Parmi les géants de la musique dite classique au XXe siècle, Igor Stravinsky est titulaire dans une dream team aux côtés de la trinité, Schönberg, Alban Berg et Anton Webern, ou des Pierre Boulez et autres Karl-Heinz Stockhausen. Clint Eastwood a néanmoins bien écorné l’image du compositeur russe, en reprenant dans son film Bird l’épisode où un autre génie du dernier siècle, Charlie Parker, sonna à la porte du maître installé à Los Angeles, sans succès…
Le 05/06/2024 à 18:22 par Hocine Bouhadjera
347 Partages
Publié le :
05/06/2024 à 18:22
347
Partages
Le décalage entre les deux étaient réels : Stravinsky est d’abord un homme de la haute société du XIXe siècle, de cette ancienne musique européenne, de plus en plus savante. Pour reproduire les conversations entre le natif de Lomonossov et le chef d'orchestre américain Robert Craft, Allia troque son format pour la poche du manteau, et offre une belle édition illustrée.
Un entretien creux, comme on en trouve tant quand il s’agit d’une grande figure ? Pas cette fois : on y découvre un génie au sens premier du terme, quand il est destiné à Mozart, Nietzsche, Erwin Schrödinger ou Albert Einstein.
Stravinsky me contredirait, expliquant qu’il déteste ce mot de génie, qu’il faudrait mettre dans Le Dictionnaire des idées reçues, avec pour exemples, Michel Ange et Beethoven… Lui parle de technique, en tant que « c’est l’homme tout entier. Nous naissons avec la capacité de l'acquérir ». Il se présente tout de même comme un musicien né, on en doutera pas. Alors retirons tout de suite le terme trop flou pour être intéressant de génie, mais quel esprit, et quelle vie !
Une partie des échanges s’adresse plus aux initiés de la musique classique au XXe siècle, quand il s’agit de composition, de tonalité, de série, d’harmonie, de rythme ou des nouveaux instruments de son temps. Le reste raconte les rencontres de Stravinsky, ses aventures, sa philosophie, sa vision du monde, ses contemporains. Révèle son ton, finalement enfantin au bon sens du terme : « Un jour, d'Annunzio fit son entrée dans son salon. C’était un homme court, alerte, élégant, excessivement parfumé et très chauve (Harold Nicolson compare très justement sa tête à un oeuf dans Some People). »
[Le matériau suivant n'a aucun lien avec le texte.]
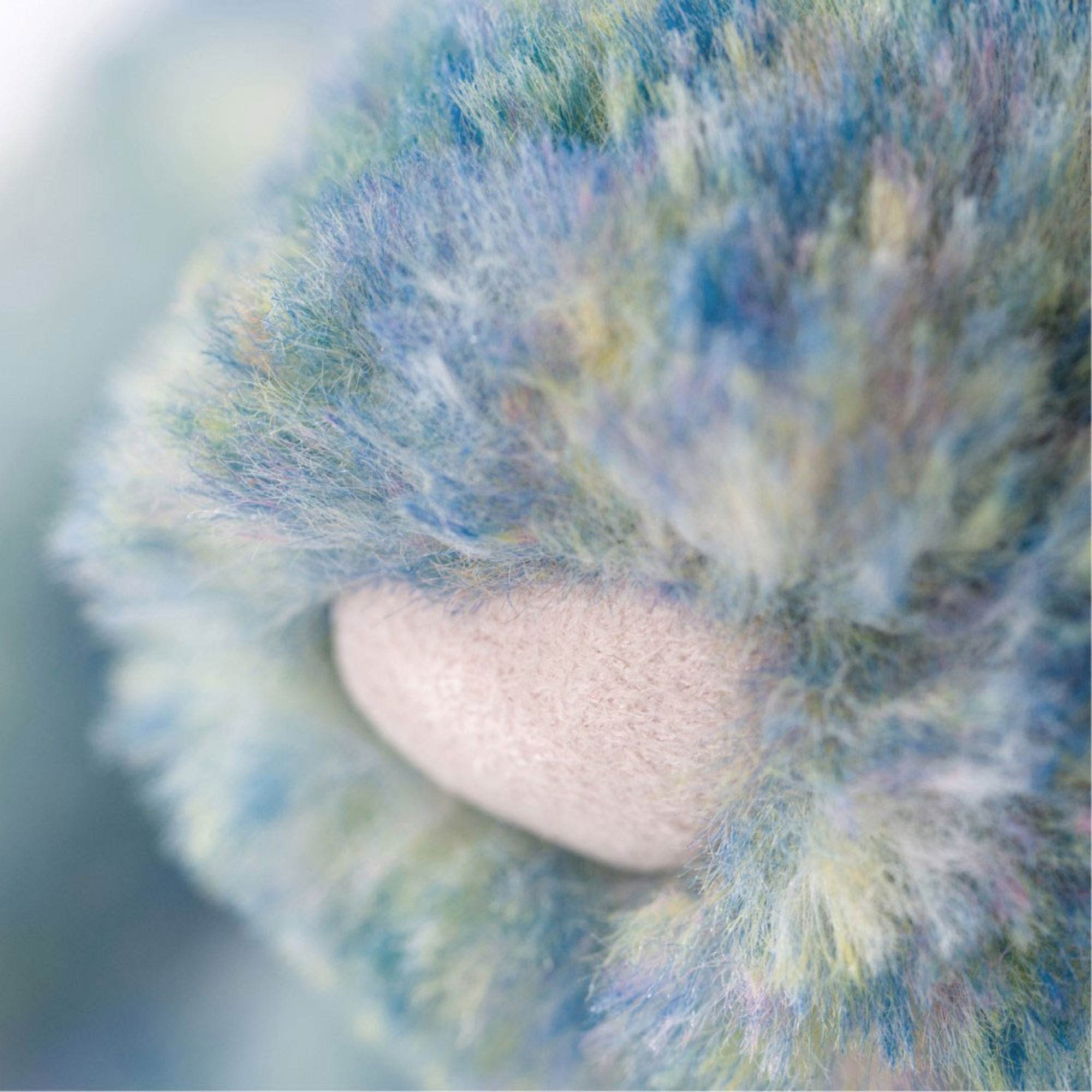 Jellycat Bashful Luxe Bunny Azure | The Elly Store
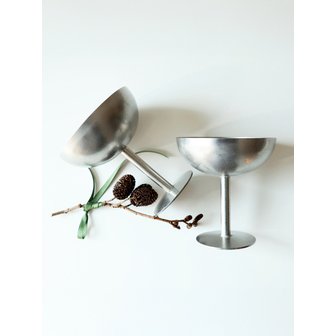 카모메키친 올드 스텐 고블렛 디저트컵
Le flamboyant fasciste Gabriele D'Annunzio - qui survola Vienne en 1918 pour exhorter les habitants à la révolte -, mais aussi Dostoïevski, ami de son père, qu’il considère comme « le plus grand Russe ayant jamais existé - derrière Pouchkine ». (« À une époque où nos choix sont censés en dire si long sur notre personnalité - Freud ou Jung, Stravinsky ou Schönberg, Dostoïevski ou Tolstoï - j'affirme que je suis dostoïevskien »). Henrik Ibsen qu’il croise « sous son jour le plus ordinaire », « le vieux Monet, chenu et aveugle », qui lui laisse « une impression inoubliable, comme si j'avais rencontré Homère en personne ».
Celui qui devint une figure du Paris des années 10-20 grâce aux ballets russes de Serge de Diaghilev -, dans ce qui était la capitale du monde, croise Rodin qu’il n’aime pas, Modigliani qu’il met au-dessus et qui devait faire son portrait. Maïakovski et ses yeux révulsés, Raymond Radiguet, Paul Klee, Vassily Kandinsky, André Derain, Nicolas Roerich qui crée les décors de son Sacre du Printemps, Michel Larionov, Cocteau et Picasso avec qui il travaille pour respectivement Oedipe-roi et La Pulcinella. Chagall encore, les futuristes bruitistes italiens, le compositeur Gian Francesco Malipiero, chez qui « les poules meurent de vieillesse », Debussy qui lui envoie des lettres, Jacques Rivière de la NRF, Maurice Ravel, Erik Satie, qui est resté pauvre par conviction…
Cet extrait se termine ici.